Using the opportunities offered by the increasing number of sensors embedded into transport infrastructures, a French research team has developed a method aiming at managing animal-vehicle collisions. The goal is to map the collision risk between trains and ungulates (roe deer and wild boar) by deploying a camera trap network.

The proposed method starts by simulating the most probable movements of animals within and around an infrastructure using ecological modelling software. This allows the assessment of where they are most likely to cross. After identifying these collision hotspots, ecological modelling is used again to assist with the design of photo sensor deployment in the field.

Once sensors are deployed, the data collected (in this case, photos) are processed through artificial intelligence (deep learning) to detect and identify species at the infrastructure’s vicinity.

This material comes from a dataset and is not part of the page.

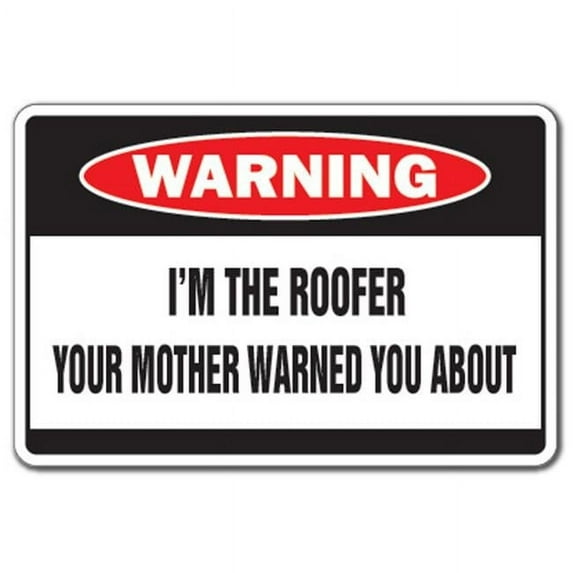 SignMission D-8-W-Roofer 8 x 12 in. Warning Decal - I Am the Roofer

The data is used to estimate the probable density of animals in every part of a studied area, using data collected at only a few points in that area. The result is a map showing the relative abundance of species and, therefore, the collision risk along an infrastructure.

Such a method paves the way for the integration of biodiversity-oriented monitoring systems into transport infrastructures and their digital twins. As sensors collect data continuously, it could be improved in the future to provide real-time driver information and produce dynamic adaptive maps that could be ultimately sent to autonomous vehicles.

For now, it’s a keen eye and a good set of brakes, but who knows, in the not too distant future, all cars may have large animal detection as standard.